L’imprenditore, Civic Leader Obama Foundation, fa incontrare studenti e aziende per progetti sociali

Valentino Magliaro ha meno di trent’anni, è uno degli under 30 segnalato da Forbes Italia, Civic Leader per la Fondazione dell’ex presidente USA Barack Obama, e nonostante abbia alle spalle un passato da studente “non ottimo” - o forse proprio per questo, spiega - la sua attenzione si è concentrata sulla scuola e sulle sue potenzialità.

Magliaro si definisce “Social entrepreneur focused on Education, eSport & EdTech”: la società che ha fondato, “Humans to Humans”, realizzare progetti sociali e di educazione mettendo in contatto aziende e studenti, per dare loro competenze nuove.
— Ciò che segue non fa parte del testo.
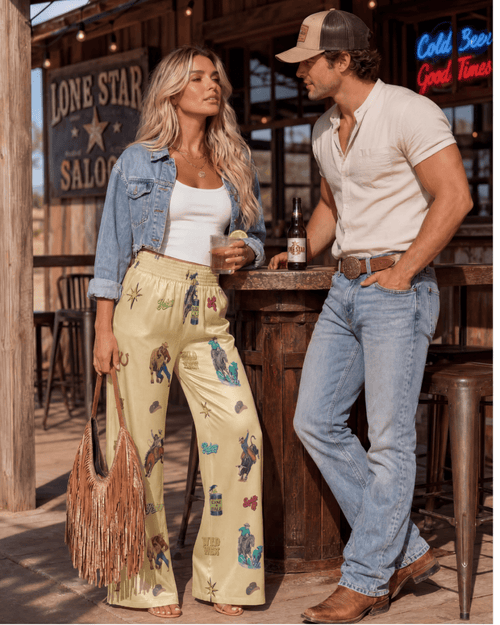 Baha Ranch The Last Roundup Rodeo High Waisted Wide Leg Pants - Qu!rk Boutique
Magliaro, ci racconta la vostra formula?

“Prendiamo un’azienda che si occupa di energia: anche quando vuole veicolare valori come quello della sostenibilità, di solito li comunica in un linguaggio molto tecnico. E qui entriamo in gioco noi, portando i loro manager nelle scuole insieme però a figure che siano vicine ai ragazzi: e cioè influencer, youtuber, instagrammer ovvero i nuovi idoli dei ragazzi, di un’età più vicina alla loro.

Quello che facciamo è formare queste figure sul contenuto tecnico proposto dall’azienda e poi portarli nelle aule, per creare impatto sociale. Funziona perché il loro linguaggio è informale: abbassare il ‘tono’ della conversazione non vuol dire essere meno autorevoli, ma poter raggiungere tutti.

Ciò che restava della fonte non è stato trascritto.